A boat goes 24 km upstream and 28 km downstream in 6 hrs. It goes 30 km upstream and 21 km downstream in 6 1/2 hrs. Find the speed of the boat in still water and also speed of the stream.
Answers
Upstream speed is 6 Km/hr
Downstream speed is 14 Km/hr
Speed of boat = 10 Km/hr
Speed of stream = 4 Km/hr
Step-by-step explanation:
Let speed of boat in still water = x km/hr
Let speed of stream = y km/hr
So Upstream speed = (x - y) km/hr
Downstream speed = (x + y) km/hr.
Let 1/x-y = u and 1/x+y = v
Given:
Distance / speed = time.
So 24/x-y + 28/x+y = 6
24u + 28v = 6
Dividing by 2, we get 12u + 14v = 3 -------(1)
30/x-y + 21/x+y = 13/2
30u + 21v = 13/2
60u + 42v = 13 ------------(2)
(1) * 5, we get 60u + 70v = 15 --------(3)

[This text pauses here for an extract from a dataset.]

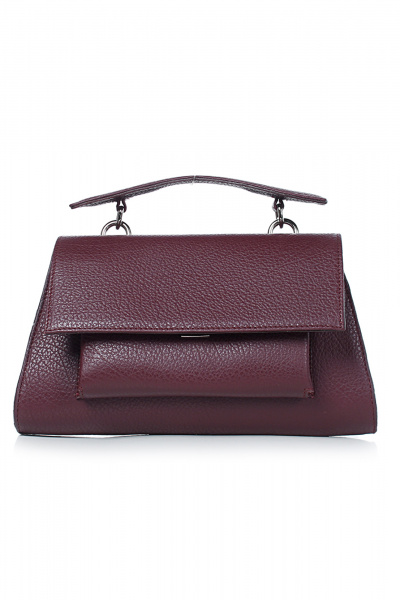 Сумка Galanteya 21222.25с2877к45 сливов/коричн - фото 2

Substracting (3) from (2), we get: -28v = -2
therefore v = 1/14
Substituting in equation 1, we get 12u + 1 = 3
Therefore u = 1/6
u = 1/x-y = 1/6. Therefore x-y = 6. -------(4)
So upstream speed is 6 Km/hr
v = 1/x+y = 1/14. Therefore x+y = 14. ----------(5)
So downstream speed is 14 Km/hr
Adding 4 & 5, 2x = 20. Therefore x = 10. Speed of boat = 10 Km/hr.
Substituting x = 10 in (4), we get 10 - y = 6, therefore y = 4. Speed of stream = 4 Km/hr.